Segment Open

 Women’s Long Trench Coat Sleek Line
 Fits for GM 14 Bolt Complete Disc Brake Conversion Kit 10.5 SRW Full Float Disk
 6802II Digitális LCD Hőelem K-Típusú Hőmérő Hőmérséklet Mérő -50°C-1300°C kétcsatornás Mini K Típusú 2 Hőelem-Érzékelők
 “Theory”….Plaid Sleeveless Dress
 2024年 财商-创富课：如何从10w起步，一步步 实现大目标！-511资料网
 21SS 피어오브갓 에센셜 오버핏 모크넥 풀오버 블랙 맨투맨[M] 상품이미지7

Segment Closed
Segment Open

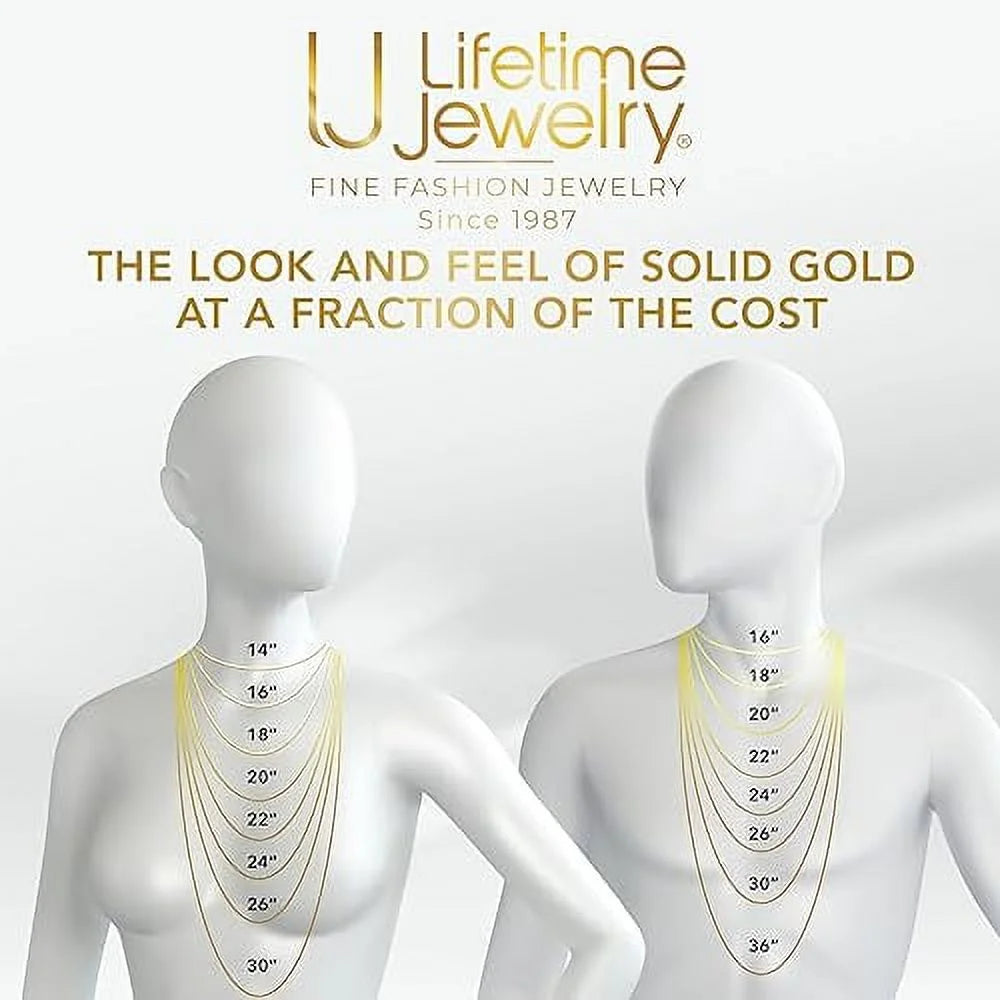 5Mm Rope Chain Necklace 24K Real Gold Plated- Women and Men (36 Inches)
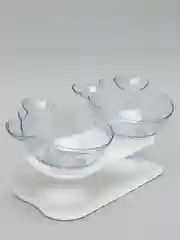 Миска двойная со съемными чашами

Segment Closed

Your goal: Starting with the line with "6802II Digitális LCD" above and going on through the line with "21SS 피어오브갓 에센셜 오버핏 모크넥 풀오버 블랙 맨투맨[M] 상품이미지7", transcribe every line exactly, both ends included, and add nothing.

Exercise answer:
 6802II Digitális LCD Hőelem K-Típusú Hőmérő Hőmérséklet Mérő -50°C-1300°C kétcsatornás Mini K Típusú 2 Hőelem-Érzékelők
 “Theory”….Plaid Sleeveless Dress
 2024年 财商-创富课：如何从10w起步，一步步 实现大目标！-511资料网
 21SS 피어오브갓 에센셜 오버핏 모크넥 풀오버 블랙 맨투맨[M] 상품이미지7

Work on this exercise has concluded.